• Sonuç bulunamadı

Umut, herkes tarafından bilinen ve kullanılan bir kavram olmasına rağmen, açıklanması oldukça zordur. Umut, Türk Dil Kurumu sözlüğünde “Ummaktan doğan güven duygusu, ümit” olarak tanımlanmaktadır (TDK. a)

Frankl (1968) umudu, duygu ve düşüncenin birbiriyle ilişkili olduğunu, birbirlerini etkilediklerini bu nedenle ikisinin de bir karışımı olarak ifade edilmesinin daha doğru olacağını söylemiştir. Bu bilgiler ışığında da umudu bilişsel ve duygusal olarak iki boyutta inceleyen ilk kuramcıdır. Bununla birlikte insanlardaki umut duygusunun psikoterapi sürecinde önemli olduğunu ve danışanın tedavi olup iyileşmesindeki olumlu ve hızlandırıcı rolünü ifade etmiştir. Gottschalk’a göre (1974) umut, özelleşmiş yararlı sonuçlarla ilgili olumlu beklentileri içerir ve insanı ruhsal sorunlarla geçinip gitmeye iter. Ruhsal sonuçların içinden geçip gitmek gibidir. Konuşmaların içeriklerini yansıtan 5 dakikalık parçalarını analiz eden bir umut ölçeği geliştirilmiştir. Bu umut ölçümü olumlu insan ilişkileri ve başarı ile pozitif korelasyonlu ve eş zamanlı geçerliliktedir. Yüksek endişe, düşmanlık ve sosyal dışlanma ile negatif ilişkilere sahiptir (Aktaran: Akman ve Korkut, 1993).

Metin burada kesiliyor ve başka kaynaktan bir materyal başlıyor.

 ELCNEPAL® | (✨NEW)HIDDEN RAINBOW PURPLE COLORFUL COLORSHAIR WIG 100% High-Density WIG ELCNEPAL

SDÖ becerileri, ön ergenlik dönemindeki çocuk ve gençlerin olumlu gelişimi için önemli olan başka yeterlilikler ile de örtüşmektedir. Bunlardan biri umut kavramıdır. Umut, SDÖ gibi gençliğin olumlu gelişiminde anahtar bir yapı görevini üstlenmektedir. Olumsuz yaşantılara karşı psikolojik bir dayanıklılık faktörü olarak işlev gösterir (Valle, Huebner, ve Suldo, 2006, Aktaran: Kabakçı ve Totan, 2012).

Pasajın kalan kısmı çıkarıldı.